Fred Smallbone

Personal information
- Nationality: British
- Born: 22 January 1948 (age 78) Edmonton, Greater London

Sport
- Club: Thames Tradesmen's Rowing Club

Medal record
Men's rowing
Representing Great Britain
Olympic Games
| Silver medal – second place | 1976 Montreal | Eight |
World Rowing Championships
| Silver medal – second place | 1974 Lucerne | Eight |

= Frederick Smallbone =

British rower (born 1948)

Frederick John Smallbone (born 22 January 1948) is a British rower who competed in the 1972 Summer Olympics and in the 1976 Summer Olympics.

==Rowing career==
Smallbone won the coxless fours with Jim Clark, Bill Mason and Lenny Robertson, rowing for the Thames Tradesmen's Rowing Club, at the inaugural 1972 National Rowing Championships. Later in 1972 the same crew was selected for Great Britain at the 1972 Summer Olympics where they just failed to reach the final, finishing in fourth place in the semi-finals of the men's coxless four.

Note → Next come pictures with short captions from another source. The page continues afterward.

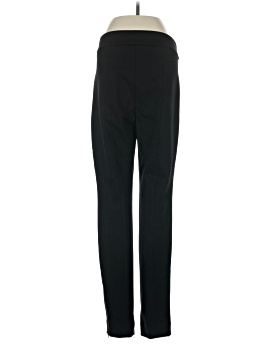 White House Black Market Active Pants (view 2)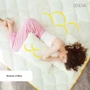 Одеяло IDEIA Popcorn 200х220 см (8-35038) фото 6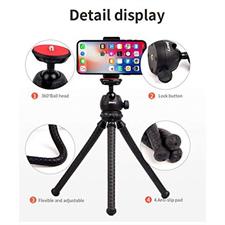 Jmary MT 25 Gorilla Tripod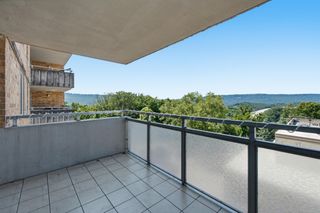 1131 Stringers Ridge Road 5a, Chattanooga, TN 37405
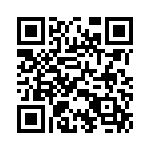 36D352F250DD2A QRCode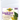 Liquid Iron Complex Concentrate - 32 oz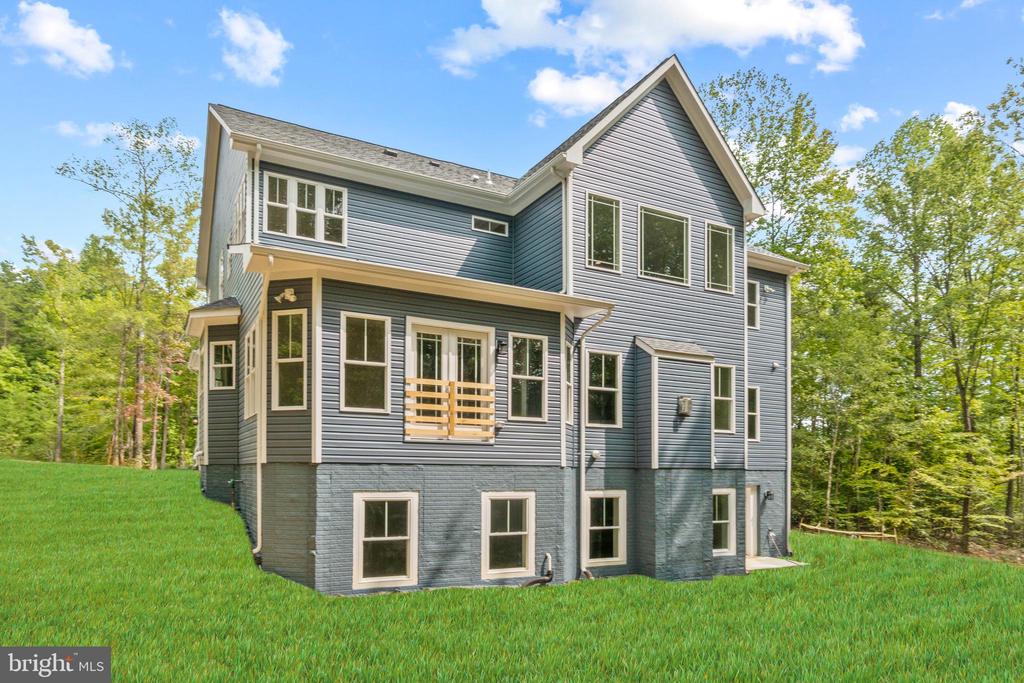 13741 ORLANDO ROAD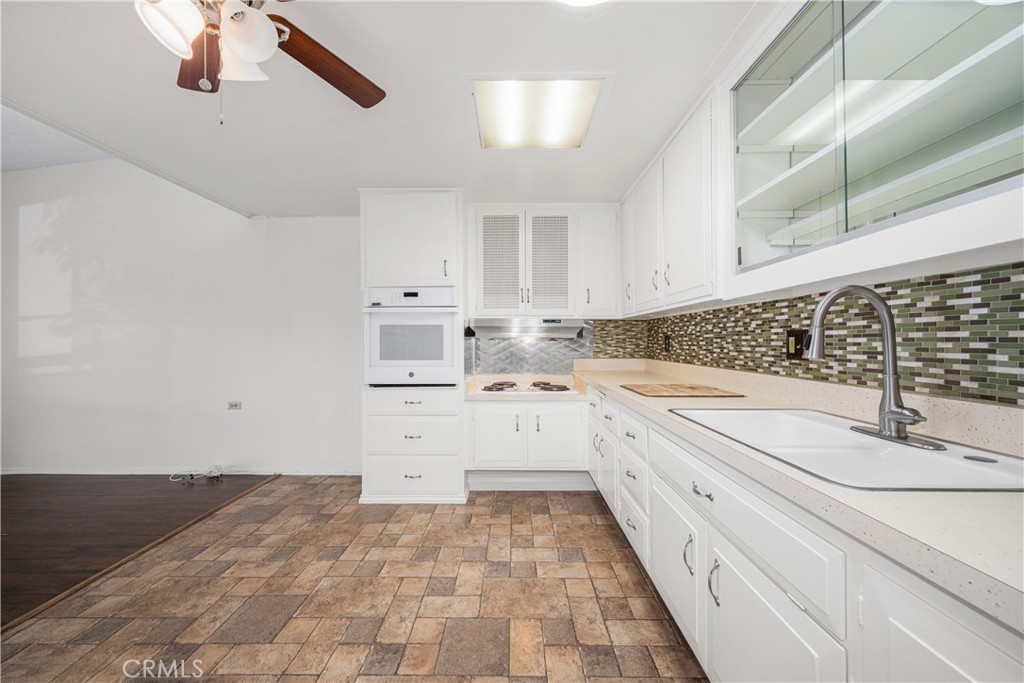 13680 Alderwood Lane W 78D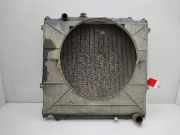 Radiator 1640067130 Toyota Land Cruiser 90 (J9) Hardtop Geländewagen 3.0 TD (1KZTE)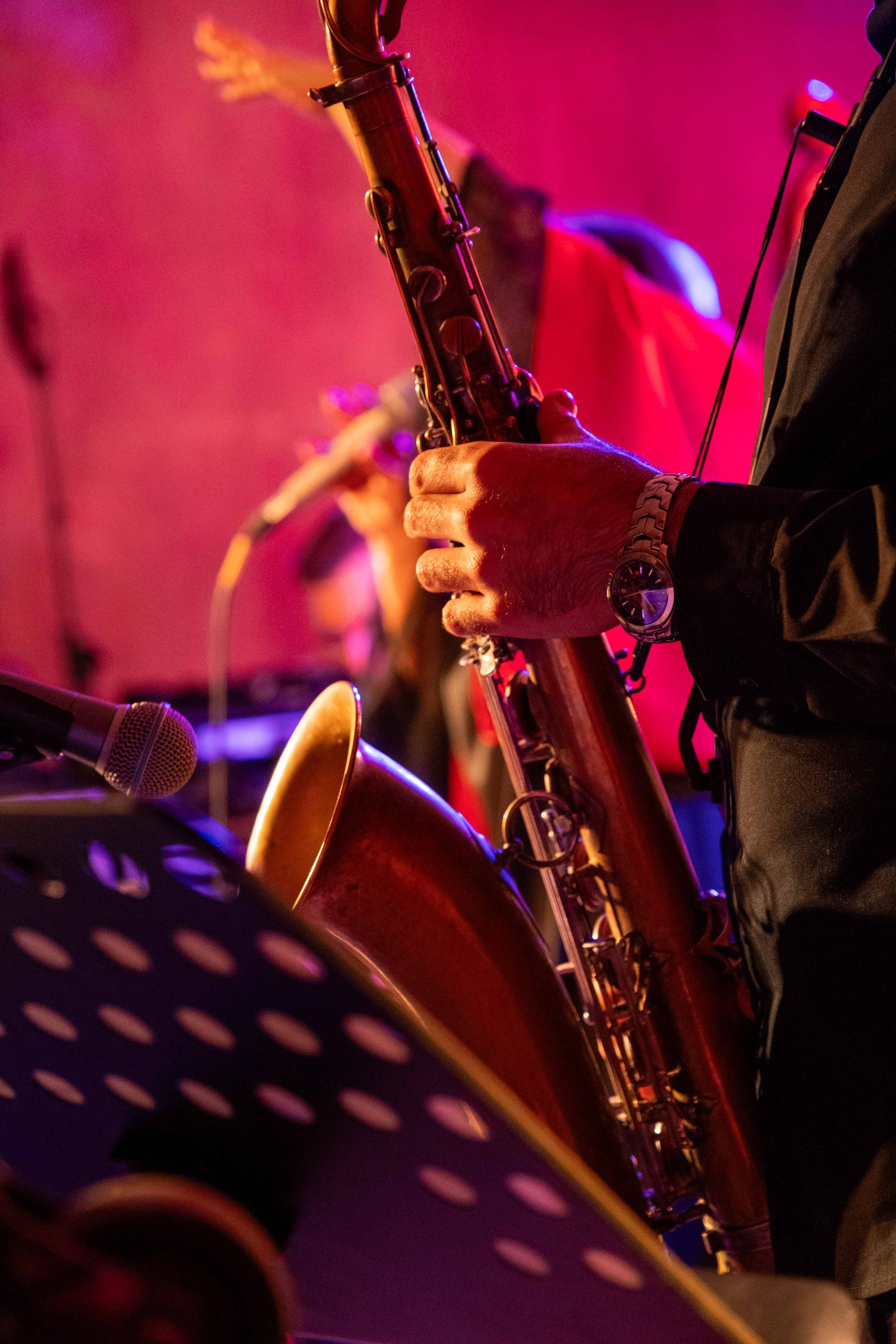 Альбом корпоратив. Фото тур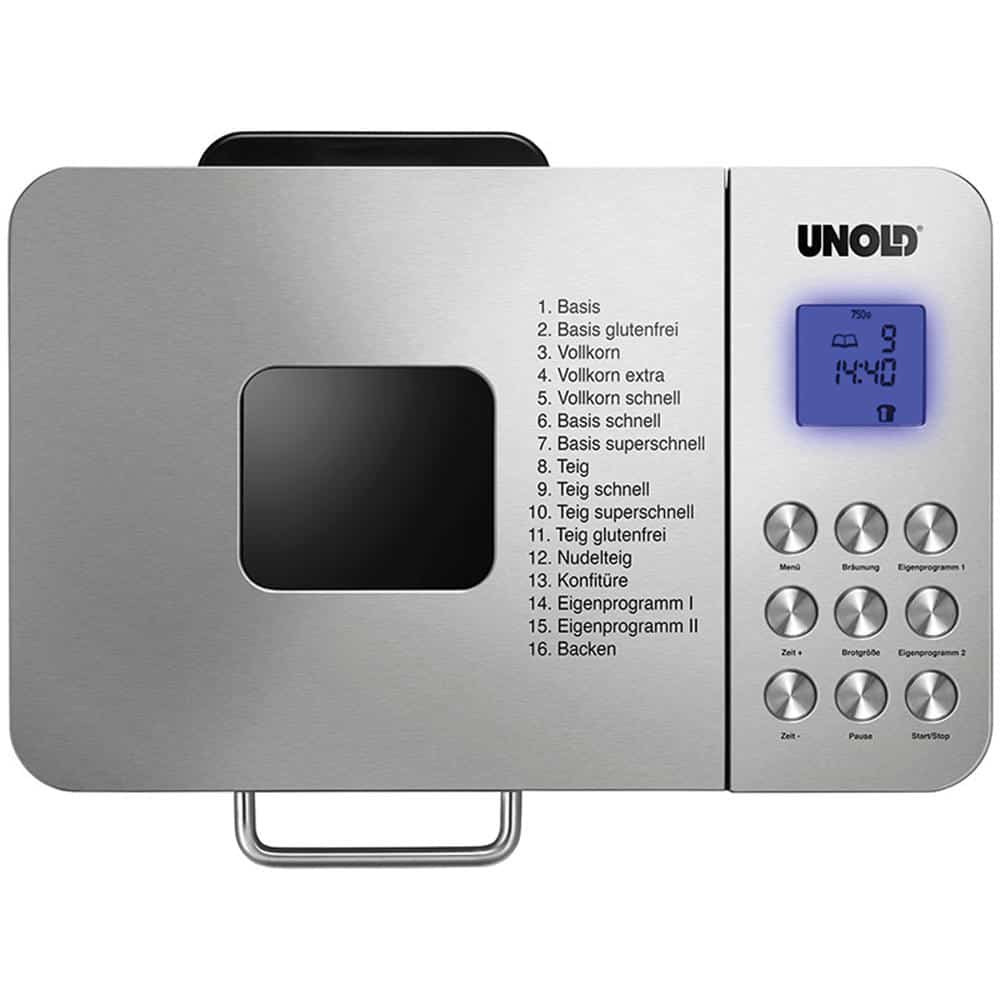 3 3 Gia Dụng Đức Đà Nẵng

In 1974 he was part of an eight that won Great Britain's silver medal at the 1974 World Rowing Championships and the following year he won the coxless pairs with Glyn Locke, rowing for the a Leander and Thames Tradesmen's composite, at the 1975 National Rowing Championships. The following year he won the silver medal with the British boat in the eights competition at the 1976 Summer Olympics.